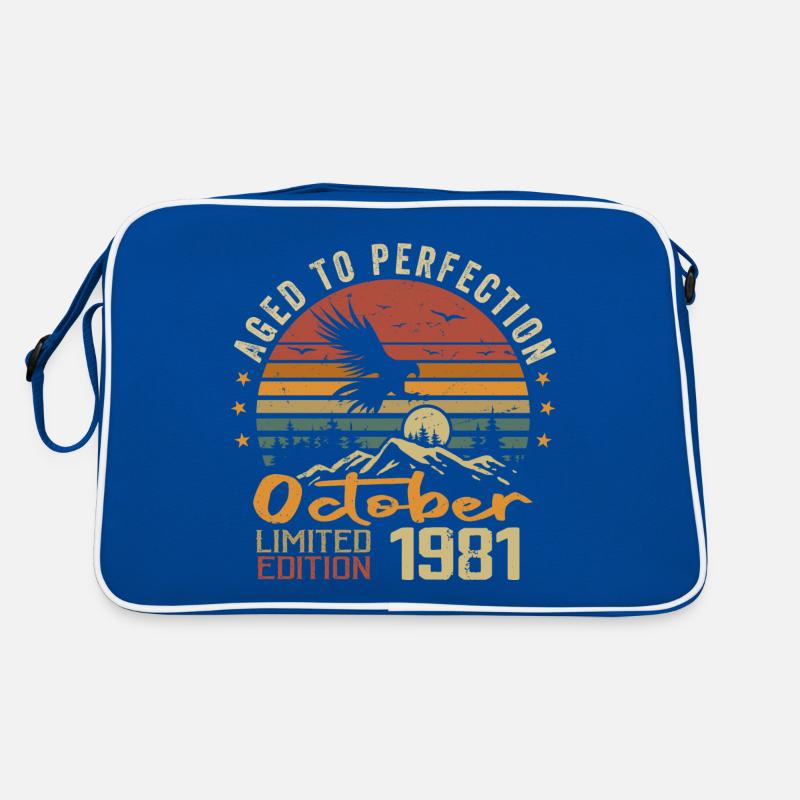 Vintage Octobre 1981 - Cadeau Rétro Octobre 1981 Sac Retro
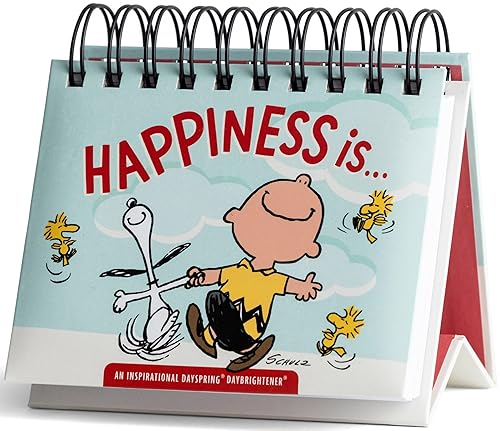 Peanuts Happiness Is A DaySpring Inspirational DayBrightener - Perpetual Calendar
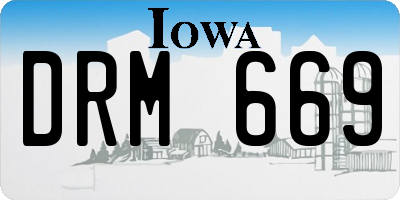 IA license plate DRM669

* _Problem statement_: Please retype the lines from the one that contains "Peanuts Happiness Is" through the final line of the data, both included, without any pictures.

* _Exercise response_:
 Peanuts Happiness Is A DaySpring Inspirational DayBrightener - Perpetual Calendar
 IA license plate DRM669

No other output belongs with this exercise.